▶ Task description
Print exactly the lines that run from the one containing "US Open Women's" to the final line of the data, both included, and print none of the pictures.

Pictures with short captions
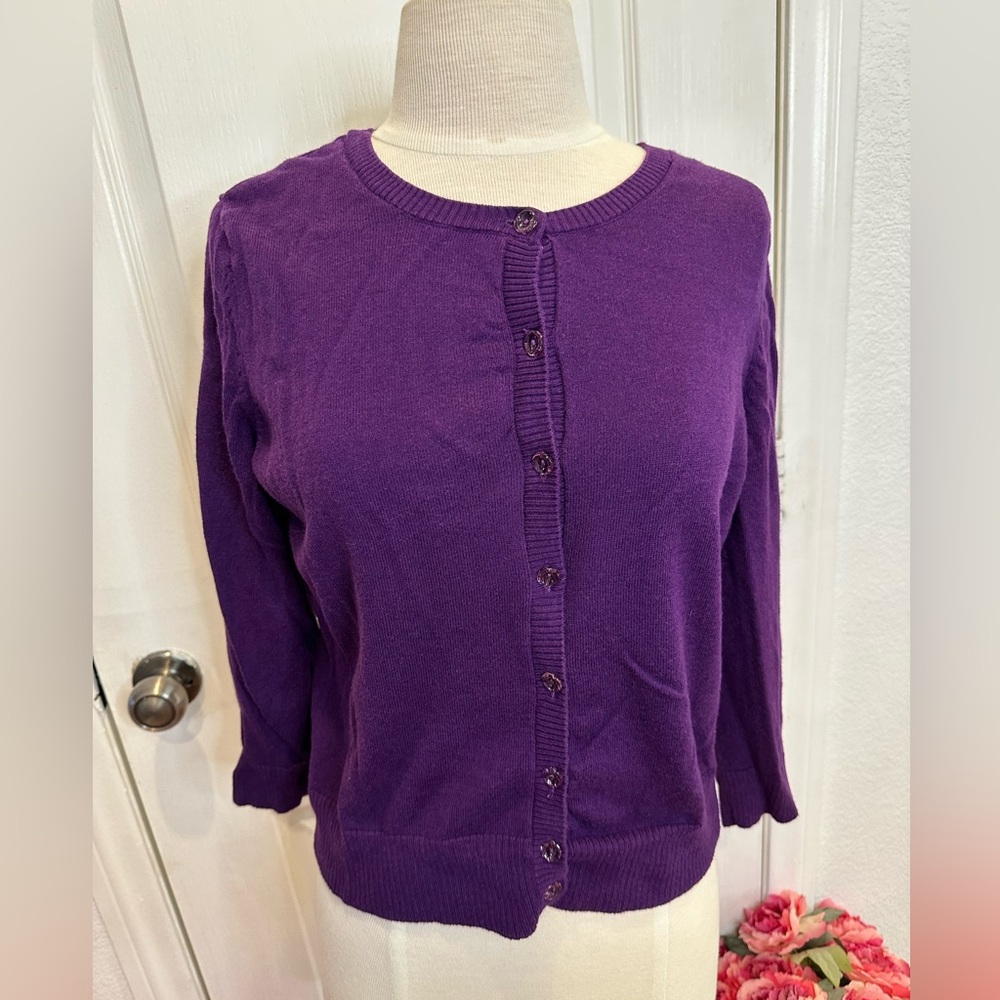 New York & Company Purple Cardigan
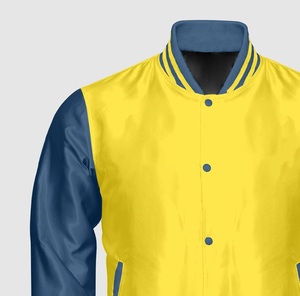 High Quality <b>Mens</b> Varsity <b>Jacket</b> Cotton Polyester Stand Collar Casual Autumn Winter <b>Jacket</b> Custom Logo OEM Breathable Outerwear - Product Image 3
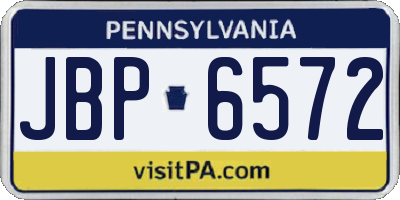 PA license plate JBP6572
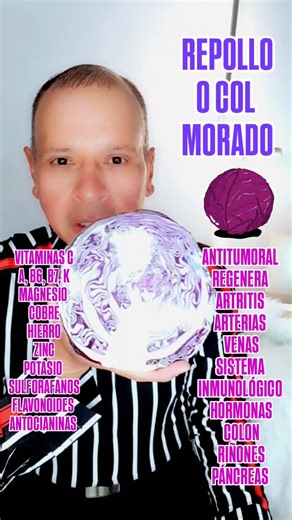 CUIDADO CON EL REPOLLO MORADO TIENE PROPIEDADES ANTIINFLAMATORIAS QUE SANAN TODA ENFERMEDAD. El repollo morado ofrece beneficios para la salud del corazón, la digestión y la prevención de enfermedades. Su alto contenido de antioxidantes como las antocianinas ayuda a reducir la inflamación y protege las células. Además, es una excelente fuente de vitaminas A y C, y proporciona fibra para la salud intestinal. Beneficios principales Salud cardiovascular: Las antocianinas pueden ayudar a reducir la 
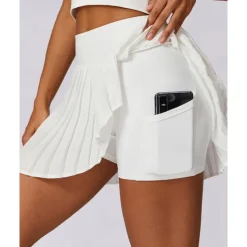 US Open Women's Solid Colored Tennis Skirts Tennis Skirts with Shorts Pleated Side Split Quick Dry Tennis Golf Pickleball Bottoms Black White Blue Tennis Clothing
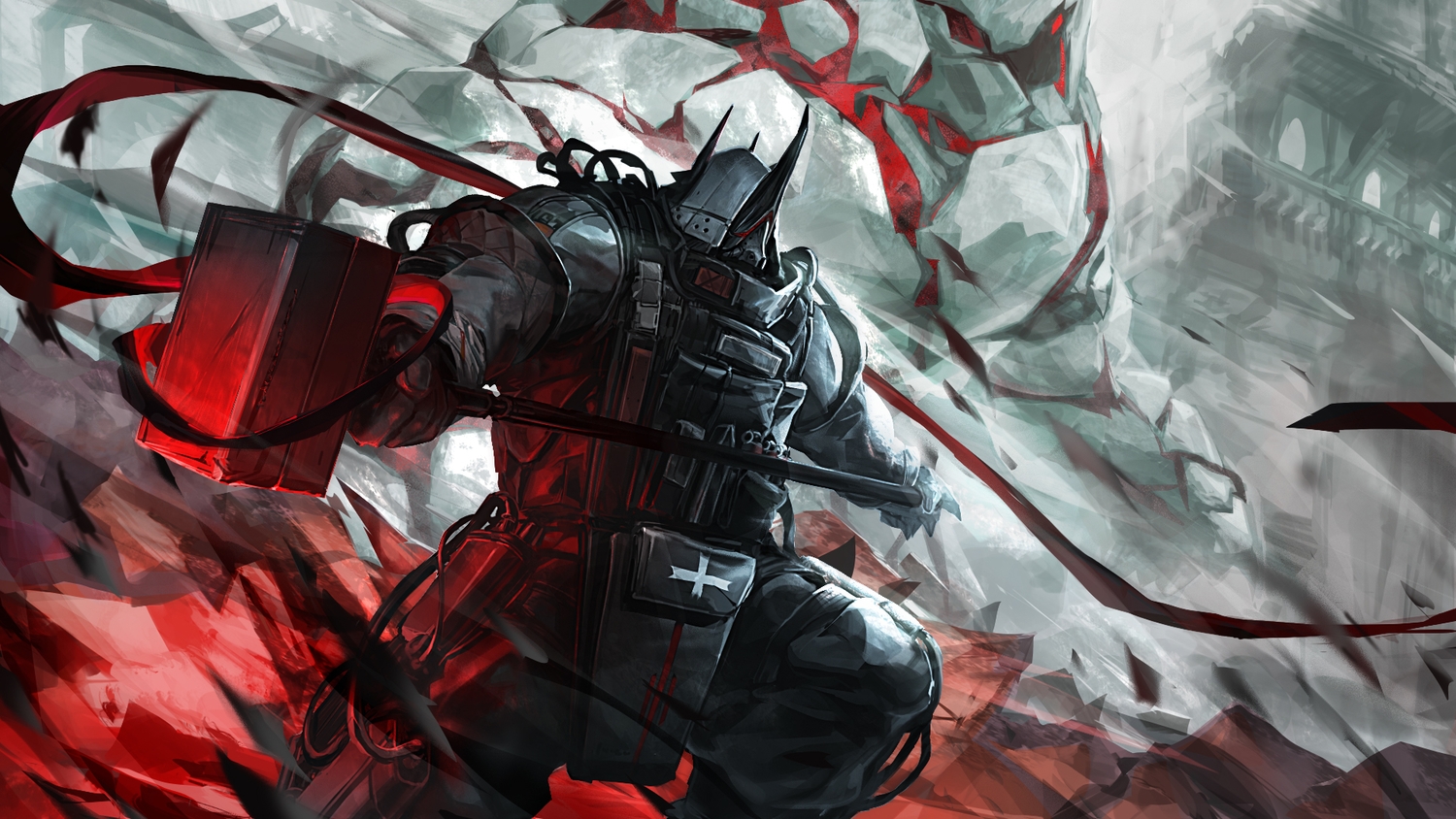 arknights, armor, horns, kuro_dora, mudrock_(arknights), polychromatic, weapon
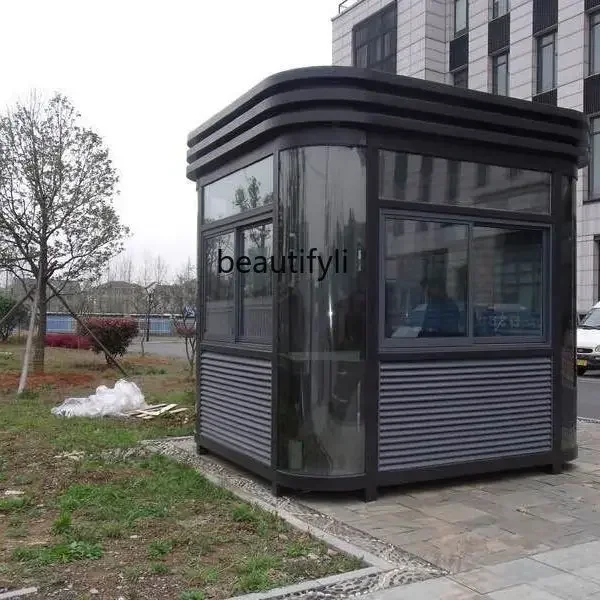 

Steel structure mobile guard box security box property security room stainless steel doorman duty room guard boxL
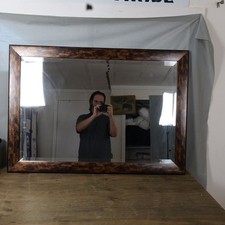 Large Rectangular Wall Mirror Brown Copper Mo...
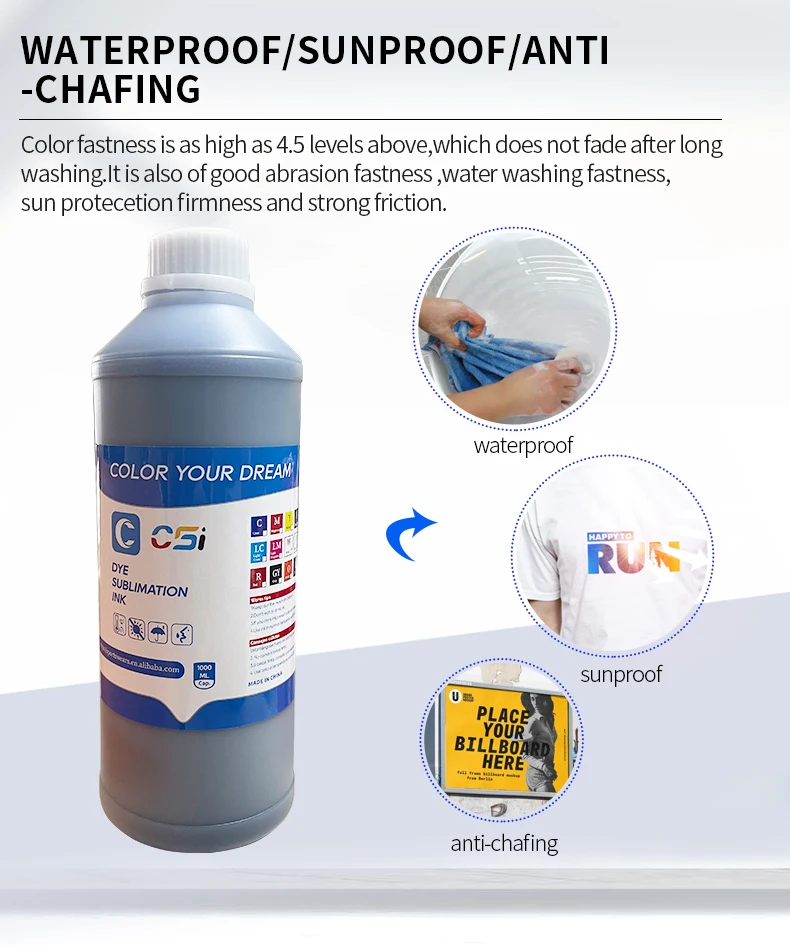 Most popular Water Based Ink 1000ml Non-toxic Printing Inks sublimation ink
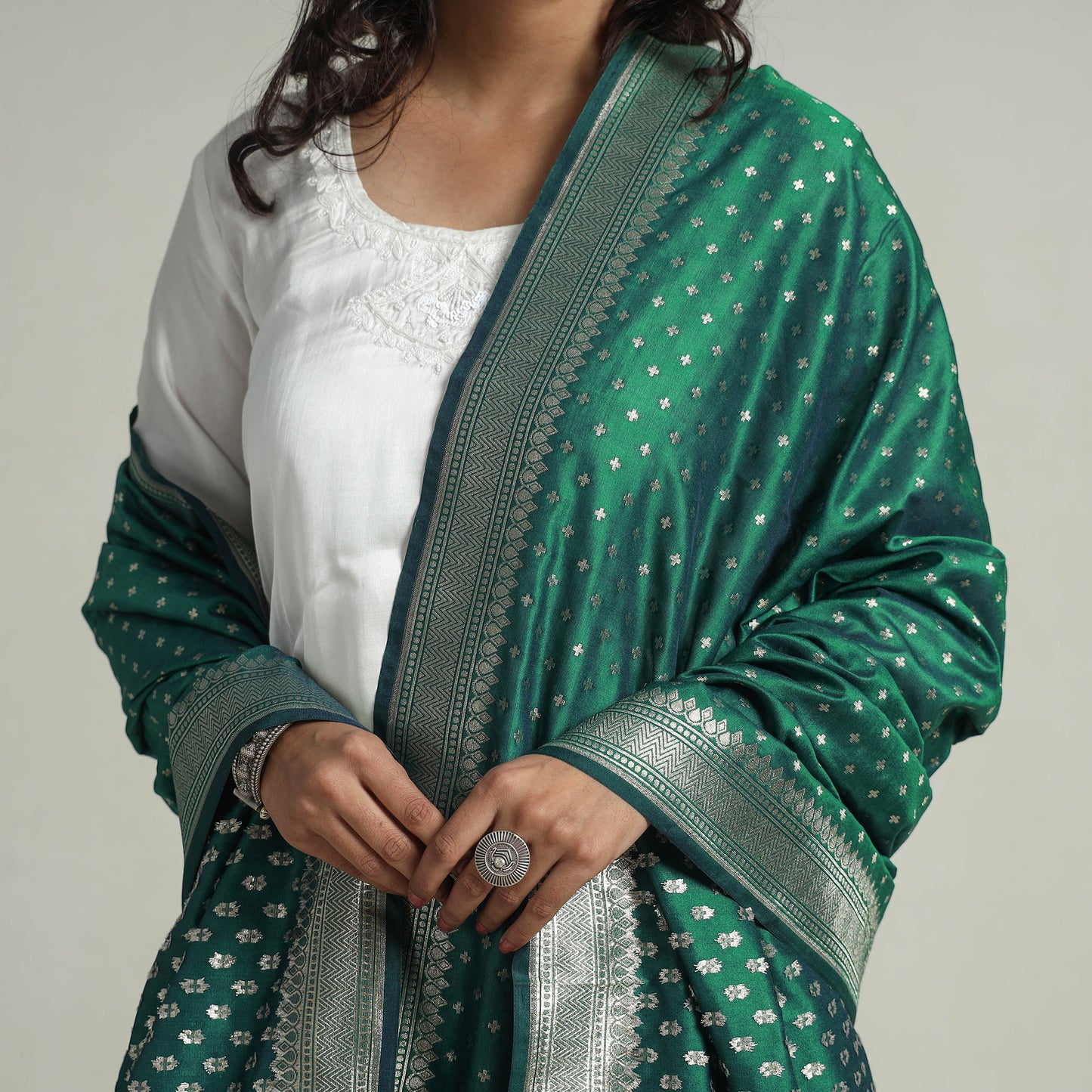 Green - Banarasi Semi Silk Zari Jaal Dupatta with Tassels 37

▶ Answer to the problem
 US Open Women's Solid Colored Tennis Skirts Tennis Skirts with Shorts Pleated Side Split Quick Dry Tennis Golf Pickleball Bottoms Black White Blue Tennis Clothing
 arknights, armor, horns, kuro_dora, mudrock_(arknights), polychromatic, weapon

Steel structure mobile guard box security box property security room stainless steel doorman duty room guard boxL
 Large Rectangular Wall Mirror Brown Copper Mo...
 Most popular Water Based Ink 1000ml Non-toxic Printing Inks sublimation ink
 Green - Banarasi Semi Silk Zari Jaal Dupatta with Tassels 37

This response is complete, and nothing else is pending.